Joaquin was caught equally between a fear of invisible wild animals and detection by the FCC, and so he alternately pointed the light where they were walking and into his palm when he felt they were too obvious to prying distant eyes. “I heard that sometimes Soria darkness will attack other Sorias, even without interference.”
“All the more reason to see it coming. Who told you that?”
“Nana.”
“I don’t believe you.”
“Okay,” Joaquin admitted. “It’s just this: I saw Mama tell her about Daniel, and Nana immediately got up and locked her back door. What do you think about that?”
Grudgingly, Beatriz had to admit that Joaquin’s thesis was not a bad one. Joaquin made a triumphant noise not in keeping with secrecy.
“If you’re going to shout, you might as well point the flashlight so we can see!” Beatriz ordered.
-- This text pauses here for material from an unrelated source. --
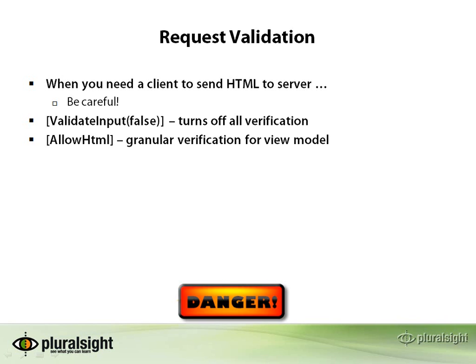ASP.NET MVC relies on ASP.NET itself to help prevent malicious HTML from arriving at your server. However, when you need HTML to be posted to your server, you can disable this feature, but you need to be careful.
Distant thunder made them pause.
Joaquin ran an anxious hand over his hair and cast an anxious glance at the sky. “Are we going to be killed?”
“Unlikely,” Beatriz replied.
Although the sky above them was clear, lightning was visible on the horizon: a storm, many dozens of miles away—in a place as flat as this high desert, weather was often something that happened to other people. Beatriz was not particularly worried about being struck by that storm’s lightning, although she did devote a passing thought to the antenna connected to the box truck; they would turn back to take it down if the storm got too close. A lightning strike would be potentially deadly to the station.
“Can we make the signal stop crackling like that?” Joaquin asked.